Vayikra 5774:                        From the Heart

By Rabbi Joshua (fondly known as The Hoffer) Hoffman

 

Parshas Vayikra begins by telling us that God called to Moshe from the tent of meeting and spoke to him (Vayikra 1:11).  Rashi, citing the Toras Kohanim, says that the word “vayikra,” and He called, is an expression of love that is used before all statements and commands.  Rabbi Kolonymous Kalmish Shapiro, in his Eish Kodesh, asks why Rashi chose to explain this expression here, in regard to the laws of sacrifices.  After all, the expression is used when God spoke to Moshe at the burning bush, and when He gave him the Torah, as well, but Rashi did not explain the expression in those instances.  What is so significant about the laws of sacrifices that led Rashi, following the Toras Kohanim to explain the expression of “vayikra” specifically in this regard?

 

Among Rabbi Shapiro’s answers is that since animal sacrifices represent, symbolically, the offering up of the person himself to God, as the Ramban teaches, they also represent the suffering that a person goes through in the course of his life.

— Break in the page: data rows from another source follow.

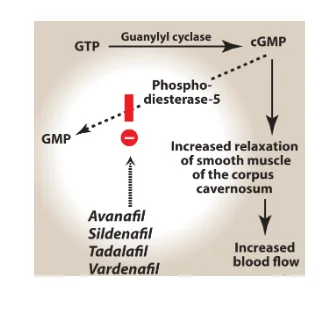 Phosphodiesterase 5 inhibitors mechanism of action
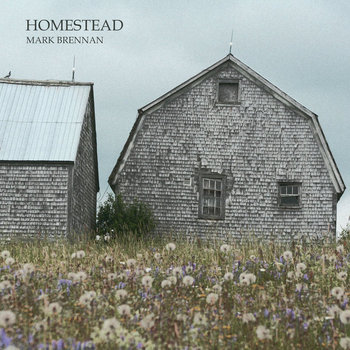 Homestead cover art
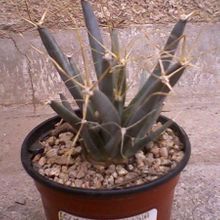 A photo of Leuchtenbergia principis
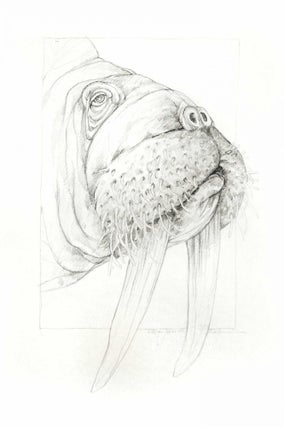 An Odd Bestiary, or a compendium of instructive and entertaining descriptions of animals, culled from five centuries of travelers' accounts, natural histories, zoologies, &tc., by authors famous and obscure, arranged as an Abecedary. Designed and illustrated by Alan James Robinson text compiled and annotated by Laurie Block. 2 Volumes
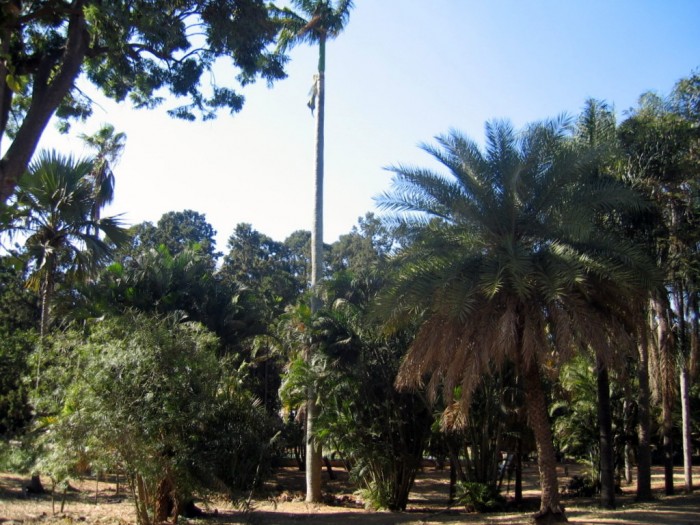 Lalbagh - Botanical Garden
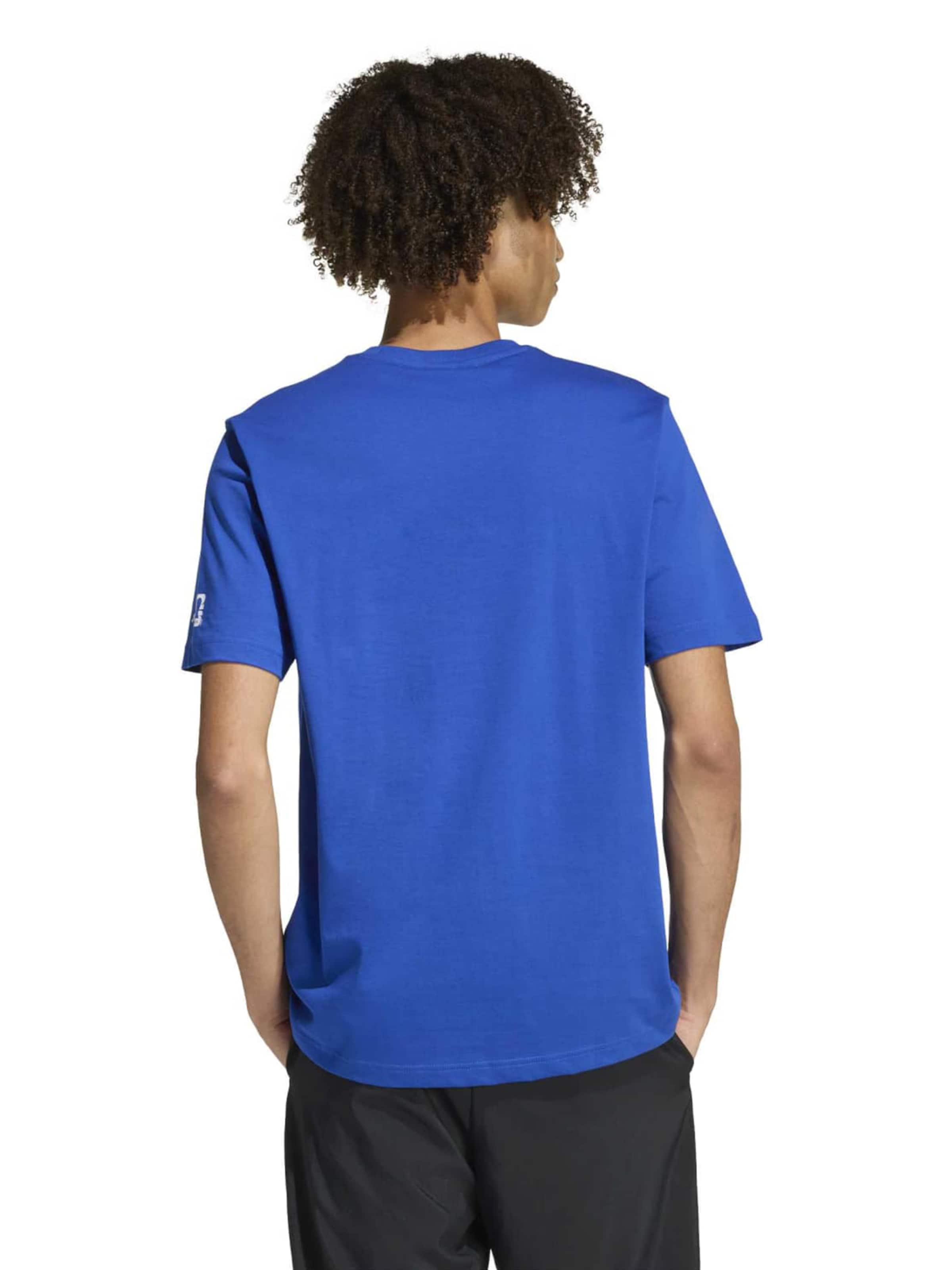 ADIDAS SPORTSWEAR Funktsionaalne särk 'FTB WC BALL', värv sinine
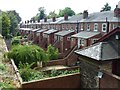 SK9771 : The back gardens of Union Street next to Lincoln Castle by Richard Humphrey
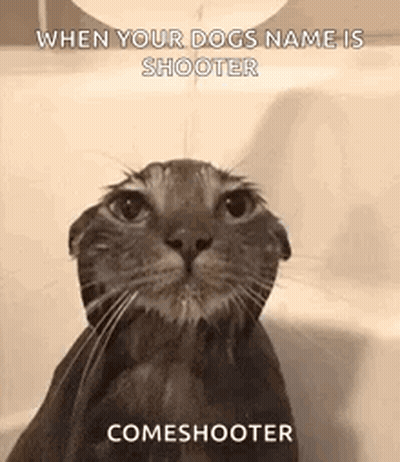 A Cat Is Taking A Bath In A Bathtub With A Caption . GIF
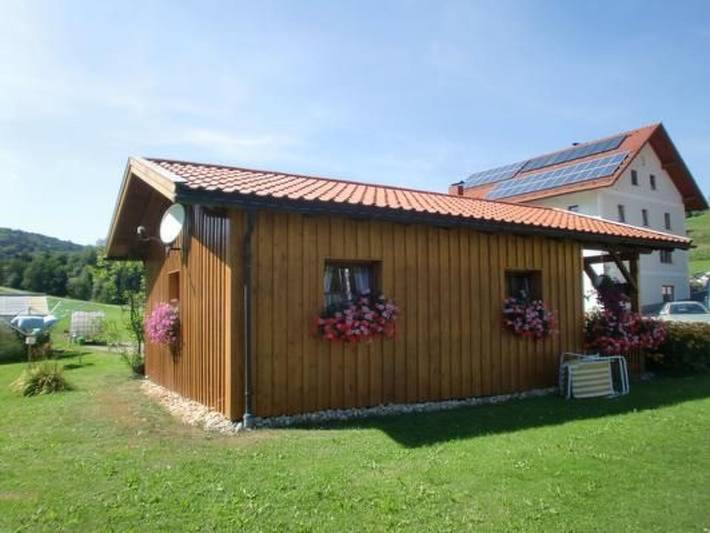 In Röhrnbach mit Grill und Terrasse in Röhrnbach, Bavière Orientale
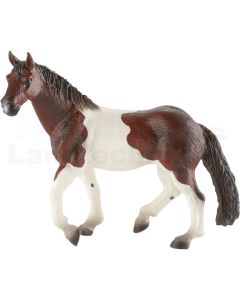 Paint Horse Stute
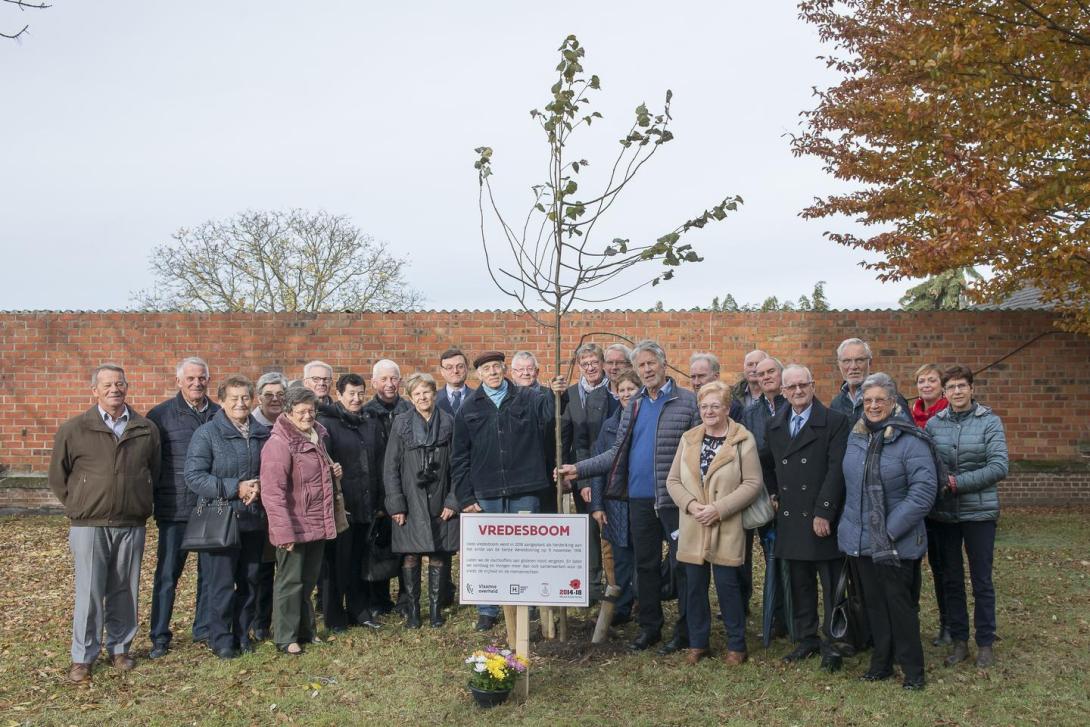 vredesboom
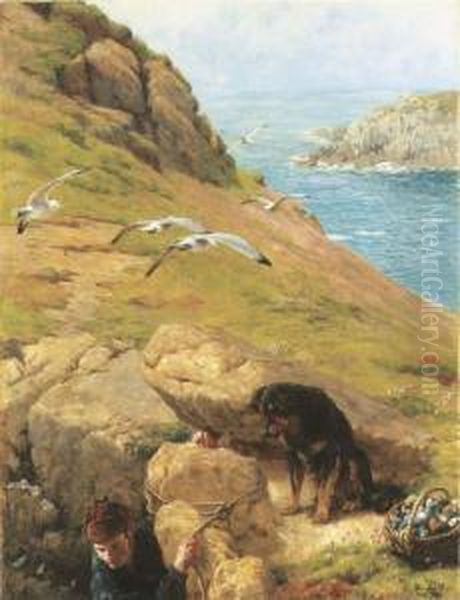 The Gull Catcher Oil Painting by James Clark Hook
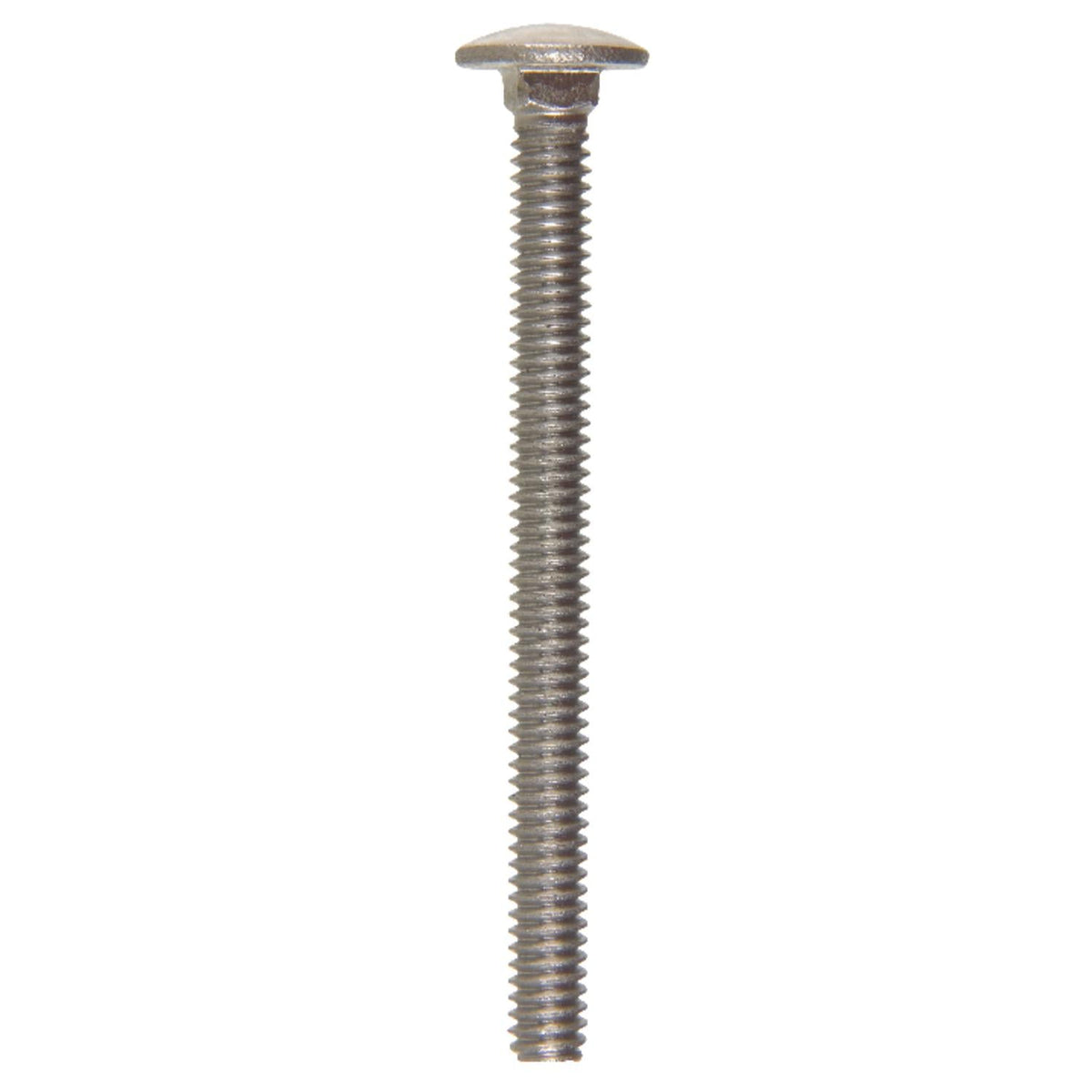 Hillman 1/4 in. x 3 in. Stainless Steel Carriage Bolt (25-Pack)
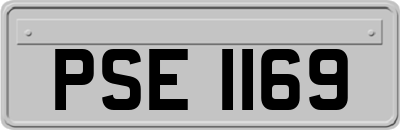 PSE1169
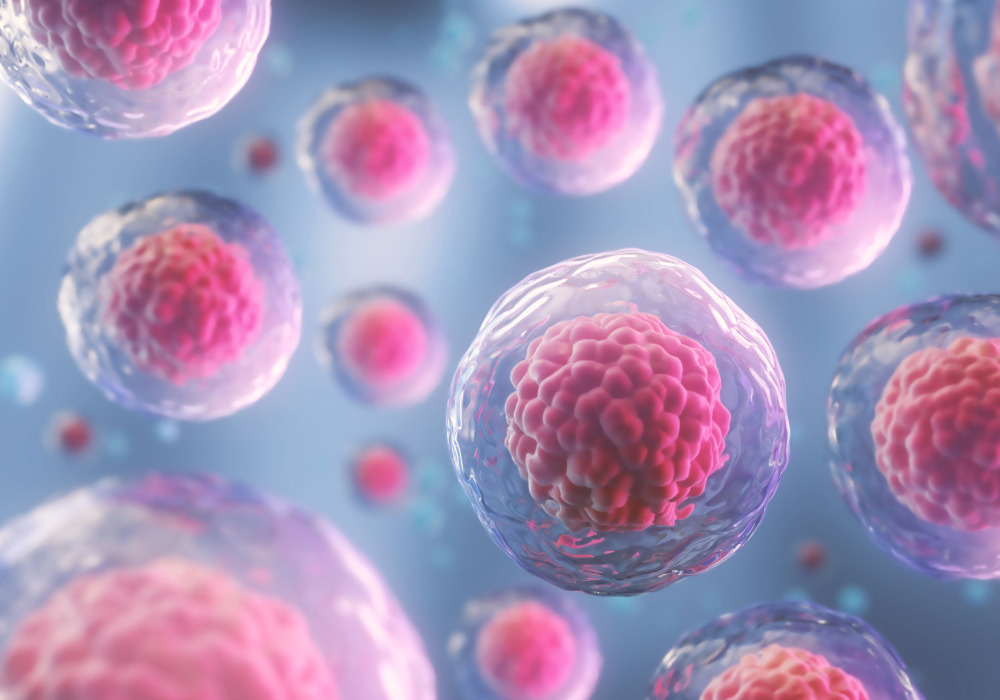 Un organismo genéticamente modificado (OGM), es un organismo cuyo ADN ha sido modificado.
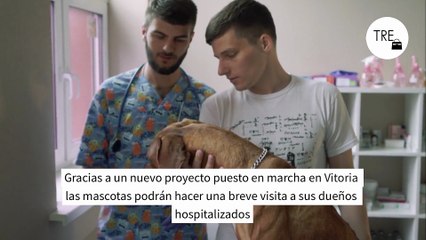 El País Vasco ya permite que las mascotas entren en el hospital para visitar a sus dueños ingresados. Probablemente lo acabaremos viendo en el resto de España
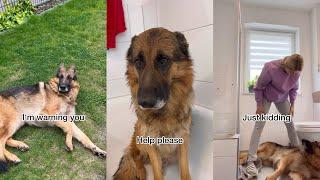 Funny German Shepherd is upset about bath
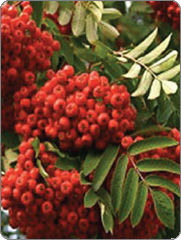 SORBUS <br> AUKUPARIJA <br> visina 150 cm SORBUS <br> AUKUPARIJA <br> visina 150 cm
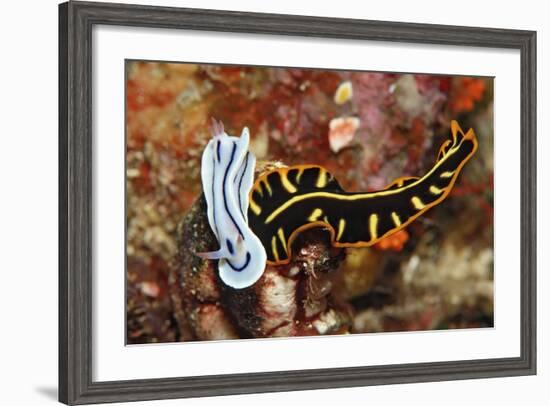 Marine Flatworm and a Sea Slug or Nudibranch (Chromodoris Willani)-Reinhard Dirscherl-Framed Photographic Print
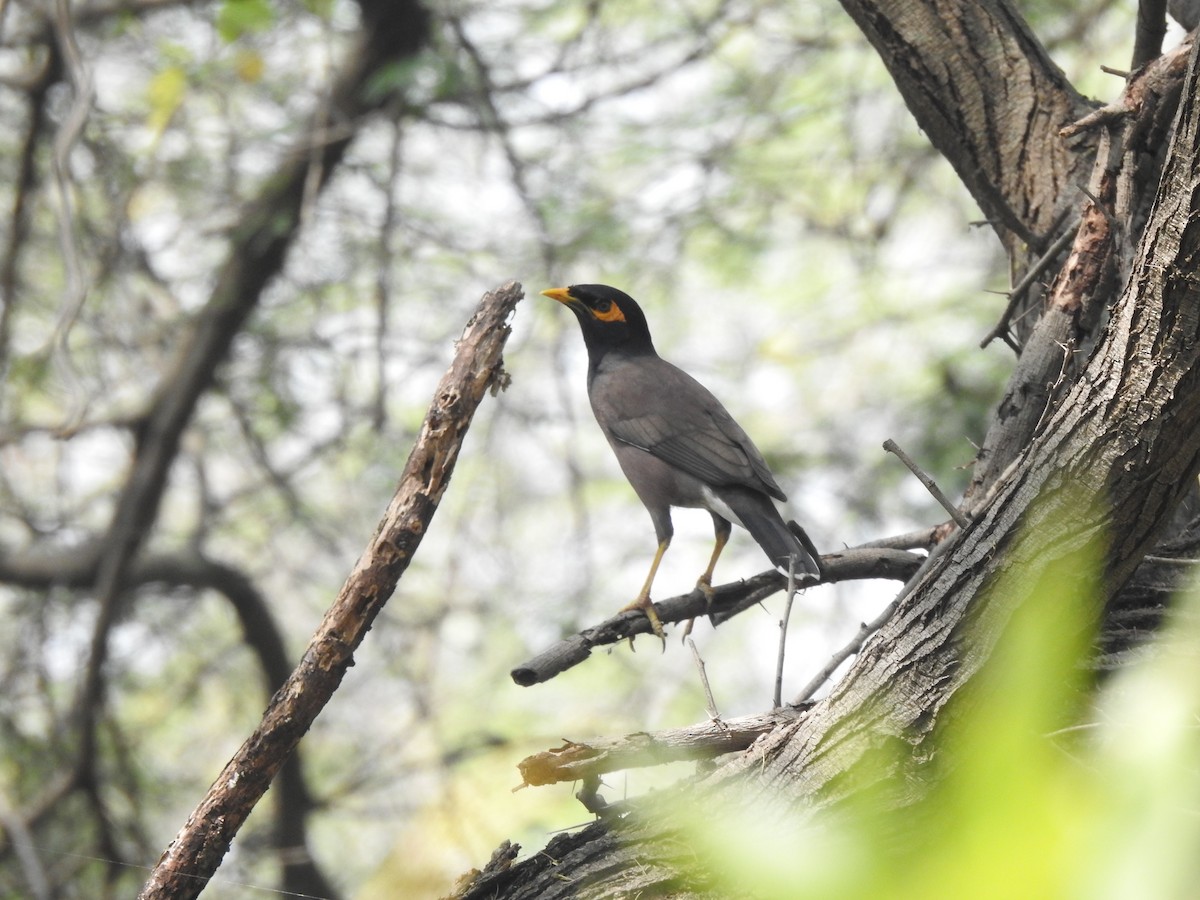 Common Myna - ML634757211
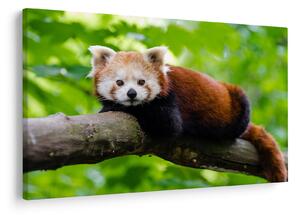 Tablou cu panda roșie (90x60 cm)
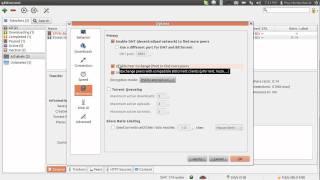qBittorrent options [upl. by Stephen324]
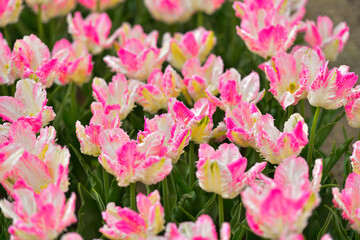Spring blooming tulip field. Flowers tulips,  Spring floral background.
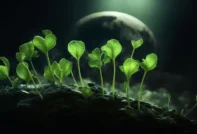 달을 배경으로 한 새싹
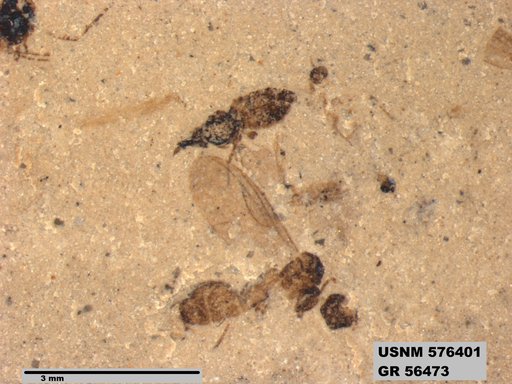 Insecta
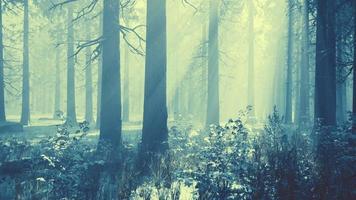 forêt d'hiver mystique avec de la neige et des rayons de soleil traversant les arbres video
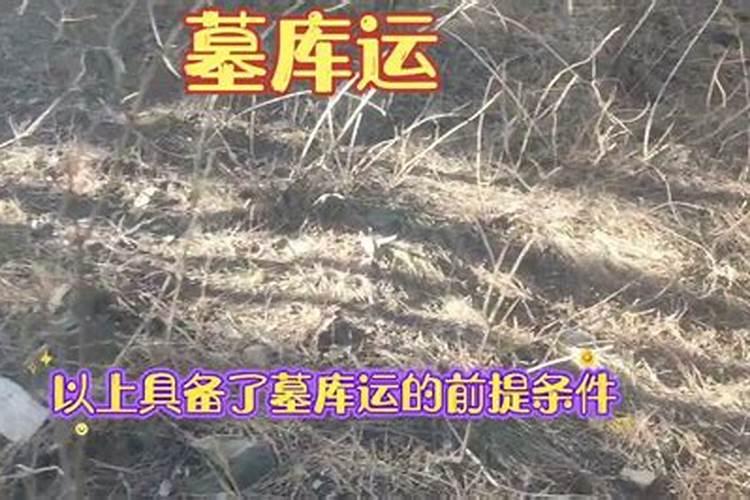 如何正确理解八字中的墓与库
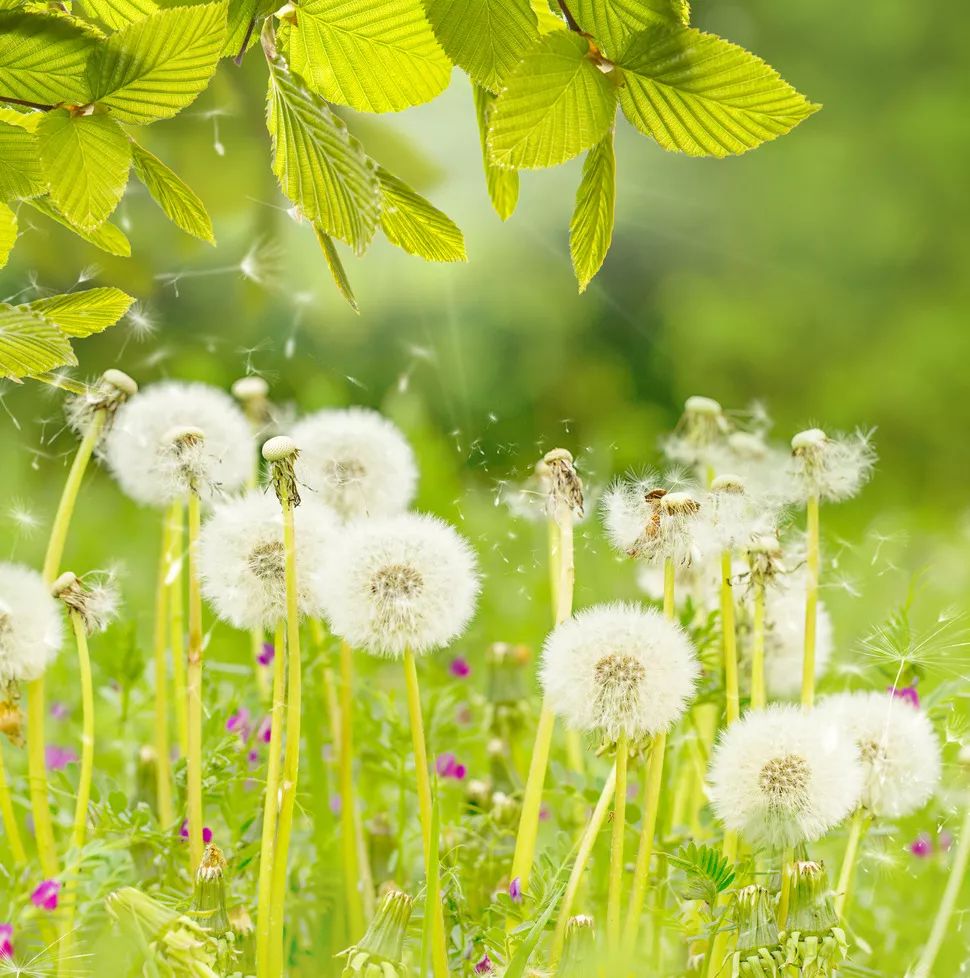 一吹即散的蒲公英图片,一吹就散的蒲公英什么意思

This, he says, is hinted to in the next verse, which says, “When a person from among you brings a sacrifice to God” (Vayikra 1:2). “Mikem,” from among you, can be understood to mean “from the person’s own being”, or from himself. Rabbi Shapiro explains that a person needs to know that the suffering he experiences in life also stems from God’s love, and this is why Rashi explains the term “Vayikra” here. 

 

This answer of Rabbi Shapiro is very fitting for him, as he wrote his work while living in the Warsaw Ghetto, guiding the people there during their travails. We may add to his explanation that on a more basic level, following the remarks of Rav Menachem Kasher in a supplement to his Torah Shelaimah on Parshas Vayikra, that the entire institution of korbanos, of sacrifices, is an expression of one’s love for God and a desire to come close to Him. This idea is really a further development of the Ramban’s teaching that korbanos represent a symbolic offering of the person himself to God.

 

Perhaps we can add a further explanation for the emphasis on an expression of love in our verse, which, although not given by Rabbi Shapiro, certainly reflects his approach to Torah education, as exhibited in the role of a Rosh Yeshiva who taught adolescents in pre-World War II Poland. Rabbi Zechariah Wallerstein, in a stirring address on Jewish education given at this past year’s Agudath Israel convention, spoke of the need for teachers to endear themselves to their students, following the lead of Boaz, who brought Rus closer to God by calling her “Rus my daughter.” He cited Rav Chaim Yosef Azulai, the Chidah, in his Nachal Kedumin to Vayeitzei, who points out that when God appears to Yaakov in a prophetic dream on his way to Lavan’s home, He identifies Himself as “the God of Avraham your father and the God of Yitzchok (Bereishis 28:13). Why does He refer to Yaakov’s grandfather, Avraham, as his father, and to Yitzchok, who was actually his father, merely as Yitzchok? The Chida answers that when Yaakov was growing up, Avraham was already an older man, and spent a great deal of time teaching Torah to him. While learning with him, he undoubtedly repeatedly called him “Yaakov my son!”  Yitzchok, however, spent his time mostly with Eisav, and although we do find that he called Eisav “my son,” the posuk does not record that he called Yaakov in that way as well. This, said Rabbi Wallerstein, is a powerful message to educators regarding the importance of treating their students in a loving manner, showing that they care for them.  Perhaps, then, this is another reason why the message of the word “Vayikra”, as an expression of love, is used here in regard to the laws of korbanos. As Rav Yissochor Frand has pointed out, we have here the best teacher in the world, God Himself, and the best student, Moshe, and a topic that is profound and fascinating, and yet, without using an expression of love in the teaching process, the effort will not succeed to its full extent.